This disclosure relates generally to enhanced hydrocarbon recovery from subterranean “tight” geological reservoir formations. “Tight” formations are known within the hydrocarbon extraction industry as geologic formations having a permeability less than 100 microdarcies. Recent technology advances have made possible “primary production”, that is, hydrocarbons transported from subsurface reservoir formations to the Earth's surface substantially entirely by the energy contained in such subsurface hydrocarbon reservoir formations and/or fluid systems and artificial lift methods, from such reservoir formations.
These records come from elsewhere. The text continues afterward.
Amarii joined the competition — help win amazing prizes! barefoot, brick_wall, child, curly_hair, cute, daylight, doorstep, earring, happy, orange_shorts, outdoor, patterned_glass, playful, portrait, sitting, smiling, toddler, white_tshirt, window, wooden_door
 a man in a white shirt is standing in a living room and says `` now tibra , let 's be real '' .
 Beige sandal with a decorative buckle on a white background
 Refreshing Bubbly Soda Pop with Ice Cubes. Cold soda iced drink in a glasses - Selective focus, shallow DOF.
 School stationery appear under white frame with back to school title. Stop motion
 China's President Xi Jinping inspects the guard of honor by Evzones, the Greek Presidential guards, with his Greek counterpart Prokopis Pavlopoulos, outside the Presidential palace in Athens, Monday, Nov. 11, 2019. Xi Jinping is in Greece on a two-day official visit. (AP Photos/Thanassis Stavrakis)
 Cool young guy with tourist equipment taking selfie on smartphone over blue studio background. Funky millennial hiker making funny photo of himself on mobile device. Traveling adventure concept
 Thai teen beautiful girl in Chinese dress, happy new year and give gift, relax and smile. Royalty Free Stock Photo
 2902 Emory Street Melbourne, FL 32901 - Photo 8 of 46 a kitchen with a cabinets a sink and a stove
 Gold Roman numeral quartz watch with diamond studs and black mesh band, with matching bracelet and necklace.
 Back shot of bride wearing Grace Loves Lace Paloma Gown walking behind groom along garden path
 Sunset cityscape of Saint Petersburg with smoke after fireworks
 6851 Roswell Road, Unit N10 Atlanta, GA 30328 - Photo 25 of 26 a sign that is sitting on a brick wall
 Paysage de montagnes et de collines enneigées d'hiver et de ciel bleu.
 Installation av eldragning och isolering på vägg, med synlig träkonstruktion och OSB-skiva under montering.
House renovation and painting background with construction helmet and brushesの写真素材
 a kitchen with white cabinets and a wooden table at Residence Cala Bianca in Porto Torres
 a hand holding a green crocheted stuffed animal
This disclosure relates more specifically to production methods to enhance “secondary” hydrocarbon extraction from such subsurface hydrocarbon reservoir formations, called “secondary recovery.” Secondary recovery is understood by those skilled in the art to mean hydrocarbon extraction beginning after the primary phase of production and may be characterized by injection of fluids comprised of liquid or gaseous phases into the reservoir formation.
It is known in the art to drill and complete wells in tight formations and then use hydraulic fracturing treatments to improve fluid conductivity (permeability) along paths to the wellbore for hydrocarbons originally existing in the pore spaces of formations such as shale, mud, siltstone and other types of tight formations. Hydraulic fracturing treatments result in increased conductivity by injecting at high pressure a mix of fluids and proppant with beneficial chemical additives to open fractures in the formation. The fluid under pressure creates fractures in the formation and the proppant supports or “prop” the fractures open after the fluid injection has ended. The propped fractures enable primary recovery of hydrocarbons.
The reservoirs contemplated by this disclosure have low permeability and would be difficult to sustain a secondary recovery operation due to the costs associated with pumping fluid through a reservoir that has not been propped by hydraulic fracture. One of the techniques known in the art for hydraulic fracturing includes the use of a surfactant or surfactant blend (usually a mix of a surfactant and a co-surfactant) to improve the recovery of the largely aqueous phase of fracture treatment fluid from a wellbore that has been subjected to fracture treatment. It is believed that by increasing the surface recovery of fracture treatment water the fracture will have less relatively immobile fluid phases that restrict the effective flow rates or relative permeability of hydrocarbons in the formations back to the hydraulically fractured well. While the performance of the surfactants or surfactant blends vary based on compositions thereof, formation water salinity, temperature and pressure of the reservoir formation, some surfactants or blends are effective at creating an emulsion of varying scales of either water-in-oil or oil-in-water composition. Tight reservoirs are known in the art to be developed with several horizontal wells in close proximity to each other to maximize the contact of each well's hydraulic completion (i.e., the fracture zone subtended by each well) with the formation without having any well spaced close enough to any adjacent wells so as to have adjacent wells' fracture zones extending into the same hydrocarbons located in the reservoir.